These scores translate into a BBH implied rating that is meant to reflect the accepted rating methodology used by the major agencies. We find that our model is very useful in predicting rating changes by the major agencies. The total number of Emerging Market countries covered by our model stands at 30.
EMERGING MARKETS RATINGS SUMMARY
There have been 28 EM rating actions so far in 2016. 21 of them were negative, and were spread out amongst many countries. This past quarter, the outcomes were more balanced with 5 positive moves and 5 negative ones.
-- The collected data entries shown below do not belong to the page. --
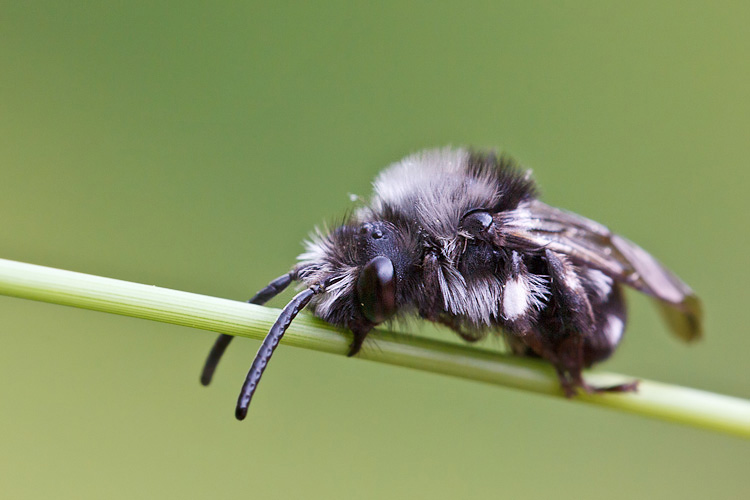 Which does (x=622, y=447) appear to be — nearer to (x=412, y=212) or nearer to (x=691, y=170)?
(x=691, y=170)

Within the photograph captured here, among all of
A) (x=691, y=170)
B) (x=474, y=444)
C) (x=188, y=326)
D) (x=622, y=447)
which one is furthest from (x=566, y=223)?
(x=691, y=170)

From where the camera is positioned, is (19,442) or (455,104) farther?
(455,104)

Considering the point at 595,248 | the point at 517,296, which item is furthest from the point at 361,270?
the point at 595,248

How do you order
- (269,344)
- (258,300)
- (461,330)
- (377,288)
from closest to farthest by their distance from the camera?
(269,344) → (377,288) → (258,300) → (461,330)

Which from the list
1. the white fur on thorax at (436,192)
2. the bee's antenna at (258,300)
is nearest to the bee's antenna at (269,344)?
the bee's antenna at (258,300)

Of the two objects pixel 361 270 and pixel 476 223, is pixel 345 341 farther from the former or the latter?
pixel 476 223

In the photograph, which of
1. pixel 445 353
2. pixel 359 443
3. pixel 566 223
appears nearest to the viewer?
pixel 445 353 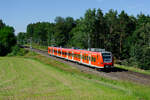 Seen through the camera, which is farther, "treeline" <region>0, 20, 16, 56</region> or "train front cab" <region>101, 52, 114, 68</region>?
"treeline" <region>0, 20, 16, 56</region>

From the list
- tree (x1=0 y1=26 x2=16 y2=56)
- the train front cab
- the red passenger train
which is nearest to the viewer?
the train front cab

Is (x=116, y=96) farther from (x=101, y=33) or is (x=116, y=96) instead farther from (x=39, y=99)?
(x=101, y=33)

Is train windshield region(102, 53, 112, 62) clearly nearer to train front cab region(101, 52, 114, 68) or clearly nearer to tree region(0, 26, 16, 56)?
train front cab region(101, 52, 114, 68)

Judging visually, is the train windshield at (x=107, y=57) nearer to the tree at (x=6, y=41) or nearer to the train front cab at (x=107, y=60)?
the train front cab at (x=107, y=60)

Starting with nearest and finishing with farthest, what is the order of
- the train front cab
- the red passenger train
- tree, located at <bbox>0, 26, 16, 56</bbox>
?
the train front cab
the red passenger train
tree, located at <bbox>0, 26, 16, 56</bbox>

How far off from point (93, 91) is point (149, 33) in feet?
172

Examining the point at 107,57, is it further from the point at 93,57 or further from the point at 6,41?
the point at 6,41

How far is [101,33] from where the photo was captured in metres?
76.9

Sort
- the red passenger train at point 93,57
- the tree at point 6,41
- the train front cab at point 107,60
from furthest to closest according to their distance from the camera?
1. the tree at point 6,41
2. the red passenger train at point 93,57
3. the train front cab at point 107,60

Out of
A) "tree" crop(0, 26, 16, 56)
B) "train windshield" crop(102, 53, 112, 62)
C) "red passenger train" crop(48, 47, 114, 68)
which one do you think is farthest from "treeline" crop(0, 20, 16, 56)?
"train windshield" crop(102, 53, 112, 62)

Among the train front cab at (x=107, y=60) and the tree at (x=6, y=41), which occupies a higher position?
the tree at (x=6, y=41)

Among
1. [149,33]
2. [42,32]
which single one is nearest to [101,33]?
[149,33]

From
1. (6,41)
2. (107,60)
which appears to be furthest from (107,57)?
(6,41)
Negative moves this past quarter were concentrated in Turkey. S&P quickly downgraded it after the coup attempt by one notch to BB and maintained a negative outlook. Moody’s put it on review for a downgrade and then followed up with a one notch move to Ba1. Fitch moved the outlook on its BBB- rating from stable to negative, but has yet to downgrade Turkey.
The only other negative move this past quarter was in Colombia. Fitch moved the outlook on its BBB rating from stable to negative.
On the other hand, Russia saw two positive moves. Both S&P (BB+) and Fitch (BBB-) moved their outlooks from negative to stable. S&P upgraded Korea a notch to AA with stable outlook, and then upgraded Hungary a notch to BBB- with stable outlook. Lastly, Fitch upgraded Taiwan a notch to AA- with stable outlook.
EMERGING MARKETS RATINGS OUTLOOK
Brazil’s implied rating remained steady at BB/Ba2/BB. Actual BB/Ba2/BB ratings thus appear to be correct. The economic outlook this year is poor, but we see scope for further improvement in Brazil’s implied rating if the cyclical recovery is seen next year.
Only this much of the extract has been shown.